DATASET RECORDS

----

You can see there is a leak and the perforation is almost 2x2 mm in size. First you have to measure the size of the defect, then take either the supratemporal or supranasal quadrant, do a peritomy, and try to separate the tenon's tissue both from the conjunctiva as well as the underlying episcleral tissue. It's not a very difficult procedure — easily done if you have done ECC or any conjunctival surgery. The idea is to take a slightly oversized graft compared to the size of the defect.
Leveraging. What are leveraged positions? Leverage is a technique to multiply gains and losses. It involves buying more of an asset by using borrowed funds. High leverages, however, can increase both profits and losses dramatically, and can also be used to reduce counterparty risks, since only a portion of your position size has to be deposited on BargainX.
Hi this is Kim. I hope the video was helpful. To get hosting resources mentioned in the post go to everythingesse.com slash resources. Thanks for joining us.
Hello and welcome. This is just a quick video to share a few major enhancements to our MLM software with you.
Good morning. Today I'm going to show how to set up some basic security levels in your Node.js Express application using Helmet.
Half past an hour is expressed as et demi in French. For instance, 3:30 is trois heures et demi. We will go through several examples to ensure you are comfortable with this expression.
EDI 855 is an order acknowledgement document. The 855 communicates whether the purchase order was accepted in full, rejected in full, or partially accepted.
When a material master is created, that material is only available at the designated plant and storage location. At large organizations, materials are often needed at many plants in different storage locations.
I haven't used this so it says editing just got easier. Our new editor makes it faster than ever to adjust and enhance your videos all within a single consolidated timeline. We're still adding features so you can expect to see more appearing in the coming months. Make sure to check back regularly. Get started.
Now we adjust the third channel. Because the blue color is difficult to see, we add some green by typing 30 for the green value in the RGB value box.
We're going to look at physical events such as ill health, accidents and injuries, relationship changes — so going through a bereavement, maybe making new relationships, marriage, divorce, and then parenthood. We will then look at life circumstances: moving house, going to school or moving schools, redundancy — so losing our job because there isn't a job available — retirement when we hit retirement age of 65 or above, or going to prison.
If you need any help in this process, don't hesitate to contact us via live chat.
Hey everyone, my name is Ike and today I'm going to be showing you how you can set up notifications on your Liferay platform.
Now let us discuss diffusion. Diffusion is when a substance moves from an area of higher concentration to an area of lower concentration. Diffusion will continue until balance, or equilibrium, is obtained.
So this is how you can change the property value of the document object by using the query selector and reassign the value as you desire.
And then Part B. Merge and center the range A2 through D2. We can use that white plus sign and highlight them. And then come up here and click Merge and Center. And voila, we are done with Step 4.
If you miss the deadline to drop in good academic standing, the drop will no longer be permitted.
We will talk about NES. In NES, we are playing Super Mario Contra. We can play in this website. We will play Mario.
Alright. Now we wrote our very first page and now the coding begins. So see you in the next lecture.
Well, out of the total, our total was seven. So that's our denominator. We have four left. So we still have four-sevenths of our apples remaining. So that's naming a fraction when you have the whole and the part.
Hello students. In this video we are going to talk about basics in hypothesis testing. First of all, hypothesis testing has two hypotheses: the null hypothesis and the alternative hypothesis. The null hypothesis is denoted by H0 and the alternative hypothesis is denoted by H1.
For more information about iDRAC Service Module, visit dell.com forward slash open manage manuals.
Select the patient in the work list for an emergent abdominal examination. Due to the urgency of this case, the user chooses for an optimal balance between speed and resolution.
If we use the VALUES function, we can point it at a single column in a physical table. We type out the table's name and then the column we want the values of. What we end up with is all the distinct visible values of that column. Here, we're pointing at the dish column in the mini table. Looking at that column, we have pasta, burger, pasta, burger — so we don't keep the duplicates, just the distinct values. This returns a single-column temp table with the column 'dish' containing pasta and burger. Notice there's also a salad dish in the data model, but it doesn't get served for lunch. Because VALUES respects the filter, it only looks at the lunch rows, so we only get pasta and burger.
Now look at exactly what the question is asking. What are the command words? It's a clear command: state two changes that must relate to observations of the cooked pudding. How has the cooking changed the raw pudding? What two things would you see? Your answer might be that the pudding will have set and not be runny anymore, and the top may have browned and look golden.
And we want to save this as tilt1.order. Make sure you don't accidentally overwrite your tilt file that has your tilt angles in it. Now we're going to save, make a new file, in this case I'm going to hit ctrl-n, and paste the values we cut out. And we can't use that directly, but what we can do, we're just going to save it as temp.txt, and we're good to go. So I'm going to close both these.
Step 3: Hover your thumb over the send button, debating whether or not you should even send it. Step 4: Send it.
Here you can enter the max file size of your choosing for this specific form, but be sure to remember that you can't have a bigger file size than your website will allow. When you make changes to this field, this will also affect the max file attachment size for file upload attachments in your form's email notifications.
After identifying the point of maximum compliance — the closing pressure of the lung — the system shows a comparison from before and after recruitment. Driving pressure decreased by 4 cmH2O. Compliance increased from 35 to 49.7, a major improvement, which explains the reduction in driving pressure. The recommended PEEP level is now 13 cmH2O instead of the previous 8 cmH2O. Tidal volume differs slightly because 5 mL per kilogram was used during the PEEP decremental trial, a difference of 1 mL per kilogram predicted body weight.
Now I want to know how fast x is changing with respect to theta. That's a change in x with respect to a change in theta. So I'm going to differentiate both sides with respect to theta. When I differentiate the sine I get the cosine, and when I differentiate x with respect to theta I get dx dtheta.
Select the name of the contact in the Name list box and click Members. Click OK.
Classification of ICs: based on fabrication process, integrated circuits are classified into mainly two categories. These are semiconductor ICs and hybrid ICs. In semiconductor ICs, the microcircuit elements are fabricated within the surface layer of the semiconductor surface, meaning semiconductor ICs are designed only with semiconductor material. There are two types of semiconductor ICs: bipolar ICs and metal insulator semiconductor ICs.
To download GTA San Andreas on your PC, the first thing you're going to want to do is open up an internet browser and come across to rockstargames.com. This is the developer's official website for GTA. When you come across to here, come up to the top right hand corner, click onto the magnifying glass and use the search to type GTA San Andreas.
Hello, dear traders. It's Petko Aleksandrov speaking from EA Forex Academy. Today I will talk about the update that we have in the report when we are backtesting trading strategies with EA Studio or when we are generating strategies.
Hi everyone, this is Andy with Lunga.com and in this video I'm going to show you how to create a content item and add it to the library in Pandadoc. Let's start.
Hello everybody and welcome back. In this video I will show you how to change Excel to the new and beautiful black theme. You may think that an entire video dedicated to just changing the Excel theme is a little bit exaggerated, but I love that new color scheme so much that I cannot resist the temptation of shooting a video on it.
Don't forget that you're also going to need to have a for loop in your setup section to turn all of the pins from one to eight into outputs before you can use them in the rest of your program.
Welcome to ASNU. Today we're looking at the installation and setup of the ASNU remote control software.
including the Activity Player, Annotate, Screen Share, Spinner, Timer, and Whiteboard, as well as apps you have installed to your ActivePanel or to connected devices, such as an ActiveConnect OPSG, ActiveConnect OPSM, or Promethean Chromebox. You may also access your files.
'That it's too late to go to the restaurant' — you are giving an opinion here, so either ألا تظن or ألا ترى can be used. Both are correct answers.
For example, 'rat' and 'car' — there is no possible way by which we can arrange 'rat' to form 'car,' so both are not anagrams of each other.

----

All of the entries, from the first line to the last, should be duplicated exactly.

You can see there is a leak and the perforation is almost 2x2 mm in size. First you have to measure the size of the defect, then take either the supratemporal or supranasal quadrant, do a peritomy, and try to separate the tenon's tissue both from the conjunctiva as well as the underlying episcleral tissue. It's not a very difficult procedure — easily done if you have done ECC or any conjunctival surgery. The idea is to take a slightly oversized graft compared to the size of the defect.
Leveraging. What are leveraged positions? Leverage is a technique to multiply gains and losses. It involves buying more of an asset by using borrowed funds. High leverages, however, can increase both profits and losses dramatically, and can also be used to reduce counterparty risks, since only a portion of your position size has to be deposited on BargainX.
Hi this is Kim. I hope the video was helpful. To get hosting resources mentioned in the post go to everythingesse.com slash resources. Thanks for joining us.
Hello and welcome. This is just a quick video to share a few major enhancements to our MLM software with you.
Good morning. Today I'm going to show how to set up some basic security levels in your Node.js Express application using Helmet.
Half past an hour is expressed as et demi in French. For instance, 3:30 is trois heures et demi. We will go through several examples to ensure you are comfortable with this expression.
EDI 855 is an order acknowledgement document. The 855 communicates whether the purchase order was accepted in full, rejected in full, or partially accepted.
When a material master is created, that material is only available at the designated plant and storage location. At large organizations, materials are often needed at many plants in different storage locations.
I haven't used this so it says editing just got easier. Our new editor makes it faster than ever to adjust and enhance your videos all within a single consolidated timeline. We're still adding features so you can expect to see more appearing in the coming months. Make sure to check back regularly. Get started.
Now we adjust the third channel. Because the blue color is difficult to see, we add some green by typing 30 for the green value in the RGB value box.
We're going to look at physical events such as ill health, accidents and injuries, relationship changes — so going through a bereavement, maybe making new relationships, marriage, divorce, and then parenthood. We will then look at life circumstances: moving house, going to school or moving schools, redundancy — so losing our job because there isn't a job available — retirement when we hit retirement age of 65 or above, or going to prison.
If you need any help in this process, don't hesitate to contact us via live chat.
Hey everyone, my name is Ike and today I'm going to be showing you how you can set up notifications on your Liferay platform.
Now let us discuss diffusion. Diffusion is when a substance moves from an area of higher concentration to an area of lower concentration. Diffusion will continue until balance, or equilibrium, is obtained.
So this is how you can change the property value of the document object by using the query selector and reassign the value as you desire.
And then Part B. Merge and center the range A2 through D2. We can use that white plus sign and highlight them. And then come up here and click Merge and Center. And voila, we are done with Step 4.
If you miss the deadline to drop in good academic standing, the drop will no longer be permitted.
We will talk about NES. In NES, we are playing Super Mario Contra. We can play in this website. We will play Mario.
Alright. Now we wrote our very first page and now the coding begins. So see you in the next lecture.
Well, out of the total, our total was seven. So that's our denominator. We have four left. So we still have four-sevenths of our apples remaining. So that's naming a fraction when you have the whole and the part.
Hello students. In this video we are going to talk about basics in hypothesis testing. First of all, hypothesis testing has two hypotheses: the null hypothesis and the alternative hypothesis. The null hypothesis is denoted by H0 and the alternative hypothesis is denoted by H1.
For more information about iDRAC Service Module, visit dell.com forward slash open manage manuals.
Select the patient in the work list for an emergent abdominal examination. Due to the urgency of this case, the user chooses for an optimal balance between speed and resolution.
If we use the VALUES function, we can point it at a single column in a physical table. We type out the table's name and then the column we want the values of. What we end up with is all the distinct visible values of that column. Here, we're pointing at the dish column in the mini table. Looking at that column, we have pasta, burger, pasta, burger — so we don't keep the duplicates, just the distinct values. This returns a single-column temp table with the column 'dish' containing pasta and burger. Notice there's also a salad dish in the data model, but it doesn't get served for lunch. Because VALUES respects the filter, it only looks at the lunch rows, so we only get pasta and burger.
Now look at exactly what the question is asking. What are the command words? It's a clear command: state two changes that must relate to observations of the cooked pudding. How has the cooking changed the raw pudding? What two things would you see? Your answer might be that the pudding will have set and not be runny anymore, and the top may have browned and look golden.
And we want to save this as tilt1.order. Make sure you don't accidentally overwrite your tilt file that has your tilt angles in it. Now we're going to save, make a new file, in this case I'm going to hit ctrl-n, and paste the values we cut out. And we can't use that directly, but what we can do, we're just going to save it as temp.txt, and we're good to go. So I'm going to close both these.
Step 3: Hover your thumb over the send button, debating whether or not you should even send it. Step 4: Send it.
Here you can enter the max file size of your choosing for this specific form, but be sure to remember that you can't have a bigger file size than your website will allow. When you make changes to this field, this will also affect the max file attachment size for file upload attachments in your form's email notifications.
After identifying the point of maximum compliance — the closing pressure of the lung — the system shows a comparison from before and after recruitment. Driving pressure decreased by 4 cmH2O. Compliance increased from 35 to 49.7, a major improvement, which explains the reduction in driving pressure. The recommended PEEP level is now 13 cmH2O instead of the previous 8 cmH2O. Tidal volume differs slightly because 5 mL per kilogram was used during the PEEP decremental trial, a difference of 1 mL per kilogram predicted body weight.
Now I want to know how fast x is changing with respect to theta. That's a change in x with respect to a change in theta. So I'm going to differentiate both sides with respect to theta. When I differentiate the sine I get the cosine, and when I differentiate x with respect to theta I get dx dtheta.
Select the name of the contact in the Name list box and click Members. Click OK.
Classification of ICs: based on fabrication process, integrated circuits are classified into mainly two categories. These are semiconductor ICs and hybrid ICs. In semiconductor ICs, the microcircuit elements are fabricated within the surface layer of the semiconductor surface, meaning semiconductor ICs are designed only with semiconductor material. There are two types of semiconductor ICs: bipolar ICs and metal insulator semiconductor ICs.
To download GTA San Andreas on your PC, the first thing you're going to want to do is open up an internet browser and come across to rockstargames.com. This is the developer's official website for GTA. When you come across to here, come up to the top right hand corner, click onto the magnifying glass and use the search to type GTA San Andreas.
Hello, dear traders. It's Petko Aleksandrov speaking from EA Forex Academy. Today I will talk about the update that we have in the report when we are backtesting trading strategies with EA Studio or when we are generating strategies.
Hi everyone, this is Andy with Lunga.com and in this video I'm going to show you how to create a content item and add it to the library in Pandadoc. Let's start.
Hello everybody and welcome back. In this video I will show you how to change Excel to the new and beautiful black theme. You may think that an entire video dedicated to just changing the Excel theme is a little bit exaggerated, but I love that new color scheme so much that I cannot resist the temptation of shooting a video on it.
Don't forget that you're also going to need to have a for loop in your setup section to turn all of the pins from one to eight into outputs before you can use them in the rest of your program.
Welcome to ASNU. Today we're looking at the installation and setup of the ASNU remote control software.
including the Activity Player, Annotate, Screen Share, Spinner, Timer, and Whiteboard, as well as apps you have installed to your ActivePanel or to connected devices, such as an ActiveConnect OPSG, ActiveConnect OPSM, or Promethean Chromebox. You may also access your files.
'That it's too late to go to the restaurant' — you are giving an opinion here, so either ألا تظن or ألا ترى can be used. Both are correct answers.
For example, 'rat' and 'car' — there is no possible way by which we can arrange 'rat' to form 'car,' so both are not anagrams of each other.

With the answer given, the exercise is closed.